I recently interviewed an architect who compared good architecture to solutional poetry. “Like a good poem,” he told me, architects are “trying to find a pure system and order…as opposed to cacophony or randomness.”
I started to think about how solutional poetry could be applied to our work at TypeA. How can content creators find order in the digital world, which is anything but orderly? Like architects, we walk the fine line between creativity and system. How do we turn our stories into solutions that make marketing sense? Let’s take the example of an architect’s blog, and how it could become solutional poetry.
1. Flow
Brainstorming is the art and flow of generating ideas, and every design blog needs good ideas.
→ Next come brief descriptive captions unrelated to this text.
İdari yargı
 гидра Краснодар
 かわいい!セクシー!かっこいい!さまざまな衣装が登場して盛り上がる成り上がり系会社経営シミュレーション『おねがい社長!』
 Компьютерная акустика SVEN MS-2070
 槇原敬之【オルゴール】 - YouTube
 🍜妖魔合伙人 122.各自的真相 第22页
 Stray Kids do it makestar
In the beginning stages, we brainstorm, research editorial and squeeze every last possible blogging topic out of things like U.S. holidays, random holidays, design inspirations, design events, pop culture phenoms and the architect’s design specialization. It could result from stream of consciousness too. No idea is too crazy or dumb. It’s important to simply get ideas down on paper (or chalkboard). Editing comes later.
2. Organize
Most novelists and screenwriters write outlines to help visualize their stories. Architects, too, use blueprints (or CAD). We apply a similar technique to a client’s blog, but we call it a “content calendar.” Content calendars are our way of organizing and editing the ideas we developed during our brainstorming session. It also gives us a big-picture view of the blog–its overall theme, strategy, the rhythm and flow of story topics, etc. From this vantage point, we are able to identify gaps or areas for further exploration–so there is a natural logic to the blog. (This isn’t to say we can’t add new topics that are timely or relevant, but we use the calendar as our general map for blogging.)
3. Write
Once we lock down the calendar and have client approval, we start to build with words–the poetry of who, what, when, where, why and how.
While I wouldn’t dare argue that developing a blog is even artistically close to creating a poem or even designing a building, there is an order and logic to be found in the creative process. And vice versa, there is an art to blogging too. You are still creating something from nothing.
What does ‘solutional poetry’ mean to you? How can you apply it to what you do?